Here is an example of how to transmute a Sized type from a raw pointer:
use std::mem;
#[derive(Eq, PartialEq)]
#[repr(packed)]
struct Bob {
id: u32,
age: u32,
}
unsafe fn get_type<'a, T: Sized>(p: *const u8) -> &'a T {
mem::transmute(p)
}
#[test]
fn it_works() {
let bob = Bob {
id: 22,
age: 445,
};
let bob2: &Bob = unsafe {
let ptr: *const u8 = mem::transmute(&bob);
get_type(ptr)
};
assert_eq!(&bob, bob2);
}
However, for my application I want to be able to get a ?Sized type instead of a Sized type. However, this doesn't work:
unsafe fn get_type2<'a, T: ?Sized>(p: *const u8) -> &'a T {
mem::transmute(p)
}
It fails with this error message:
error: transmute called with differently sized types: *const u8 (64 bits) to &'a T (pointer to T) [--explain E0512]
--> src/main.rs:2:9
|>
2 |> mem::transmute(p)
|> ^^^^^^^^^^^^^^
I have tried to give it a &[u8] (fat pointer) by converting it using std::slice::from_raw_parts, but it fails with pretty much the same error message.
You actually cannot for the very reason cited in the error message.
Rust references can be either pointer-sized (for Sized types) or bigger (for !Sized types).
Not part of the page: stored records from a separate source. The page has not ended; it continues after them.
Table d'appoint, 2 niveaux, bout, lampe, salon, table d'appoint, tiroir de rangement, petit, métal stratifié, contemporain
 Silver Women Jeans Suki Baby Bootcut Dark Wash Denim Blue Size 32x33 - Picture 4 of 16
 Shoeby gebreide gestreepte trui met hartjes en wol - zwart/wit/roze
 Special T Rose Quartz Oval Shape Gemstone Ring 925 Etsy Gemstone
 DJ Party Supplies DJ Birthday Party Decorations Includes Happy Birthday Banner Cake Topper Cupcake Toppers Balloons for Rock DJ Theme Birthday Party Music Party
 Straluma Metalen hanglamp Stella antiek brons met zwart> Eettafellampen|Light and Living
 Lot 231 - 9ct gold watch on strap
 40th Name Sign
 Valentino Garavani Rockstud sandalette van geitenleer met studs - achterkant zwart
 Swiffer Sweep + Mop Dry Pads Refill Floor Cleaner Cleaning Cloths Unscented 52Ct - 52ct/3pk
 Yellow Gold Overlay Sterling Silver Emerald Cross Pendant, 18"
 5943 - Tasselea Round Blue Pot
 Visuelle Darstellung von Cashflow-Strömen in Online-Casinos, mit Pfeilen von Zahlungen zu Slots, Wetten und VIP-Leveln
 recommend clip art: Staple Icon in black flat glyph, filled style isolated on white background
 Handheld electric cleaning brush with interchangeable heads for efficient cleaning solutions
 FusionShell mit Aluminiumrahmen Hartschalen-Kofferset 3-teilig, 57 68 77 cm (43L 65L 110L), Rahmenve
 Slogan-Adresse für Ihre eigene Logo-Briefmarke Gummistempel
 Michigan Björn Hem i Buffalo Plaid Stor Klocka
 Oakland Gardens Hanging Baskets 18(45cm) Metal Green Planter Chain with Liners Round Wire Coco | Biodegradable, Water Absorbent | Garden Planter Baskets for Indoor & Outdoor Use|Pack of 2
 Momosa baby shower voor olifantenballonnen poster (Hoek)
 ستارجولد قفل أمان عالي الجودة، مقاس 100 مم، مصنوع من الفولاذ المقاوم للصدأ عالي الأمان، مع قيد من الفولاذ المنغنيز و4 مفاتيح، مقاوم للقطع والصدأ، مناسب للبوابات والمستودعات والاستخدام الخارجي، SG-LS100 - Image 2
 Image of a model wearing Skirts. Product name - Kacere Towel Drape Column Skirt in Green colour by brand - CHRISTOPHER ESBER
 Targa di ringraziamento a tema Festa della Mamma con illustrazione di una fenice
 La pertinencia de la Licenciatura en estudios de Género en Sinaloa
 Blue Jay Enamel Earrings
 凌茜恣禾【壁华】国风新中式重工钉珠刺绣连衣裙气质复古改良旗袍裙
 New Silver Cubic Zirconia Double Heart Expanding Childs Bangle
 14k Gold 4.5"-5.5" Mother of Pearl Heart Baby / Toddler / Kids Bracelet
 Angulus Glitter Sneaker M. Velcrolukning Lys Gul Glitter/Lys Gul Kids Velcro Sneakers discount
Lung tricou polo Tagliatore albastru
For example, if Trait is a trait, a &Trait reference is actually two fields as defined by std::raw::TraitObject.
So, in order to form a reference to an unsized type, you have to:
std::raw::TraitObject, std::raw::Slice, ...)and then you have to fill in the blanks (there is more than just a pointer).
So, unless you can limit your function to producing &T where T: Sized, you cannot just transmute a raw pointer to &T.